At some point I use 'dissolve' to remove a whole lot of boundaries.
In the resulting map not all centroids have identical cats.
I imagine this is supposed to say: "not all centroids have unique cats" ?
They
represent areas with identical attributes, having one record with that
data in the database. Effectively this gives me something like
'multi-polygons'.
For the next step in my process, I need all centroids to have unique
cats, with their own attributes-record in the database. I have to
'split' the 'multi polygons' (in geometry-terms) so to say.
You try with v.category layer=2 op=add to create new unique cat values for you centroids in layer 2, v.db.addtable to create and attribute table for layer 2 and then v.to.db [...] layer=2 op=query qlayer=1 qcolumn=cat to get the original cat values into the new attribute table.
p.s. Some years ago, doing something similar, I did not have this
problem, and dissolve returned a fresh cat for every area, with its
attributes in the database table.
Could you give the exact commands and version of GRASS you use ?
Moritz
Op 28 aug. 2013, om 14:41 heeft Moritz Lennert <mlennert@club.worldonline.be>
het volgende geschreven:
On 12/08/13 13:29, Martin Koch wrote:
In the resulting map not all centroids have identical cats.
I imagine this is supposed to say: "not all centroids have unique cats" ?
Stand corrected….
For the next step in my process, I need all centroids to have unique
cats, with their own attributes-record in the database.

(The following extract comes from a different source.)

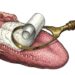 Como eliminar o mau hálito que não passa mesmo escovando os dentes?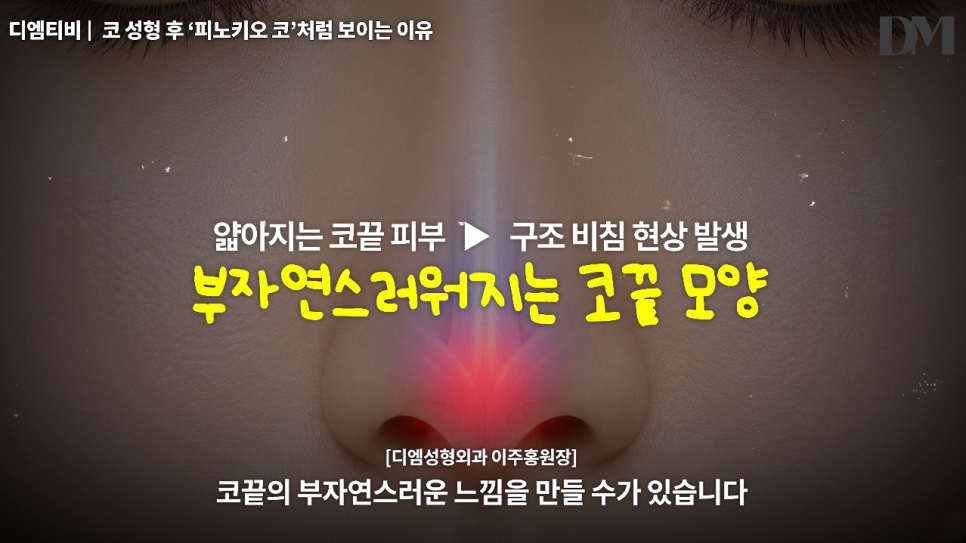 코성형 후 피노키오 코처럼 보이는 이유, 코가 높아서일까요? 관련 이미지 6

I have to
'split' the 'multi polygons' (in geometry-terms) so to say.
You try with v.category layer=2 op=add to create new unique cat values for you centroids in layer 2, v.db.addtable to create and attribute table for layer 2 and then v.to.db [...] layer=2 op=query qlayer=1 qcolumn=cat to get the original cat values into the new attribute table.
Thanks Moritz … will implement this elegant solution in the next version of my control script. I rarely need more than one layer in my maps, so using that possibility did not come to my mind when I needed it. I now do basically the same with some temporary tables in between.
p.s. Some years ago, doing something similar, I did not have this
problem…….
Could you give the exact commands and version of GRASS you use ?
I have to apologize on this. I was a bit over reacting. Only remembered that at a certain stage in my old process I had unique cat's. Looking closer at the years old script in my repo reveals I send those maps to and from PostGIS for some other reason. Thus magically reappearing with unique cat's.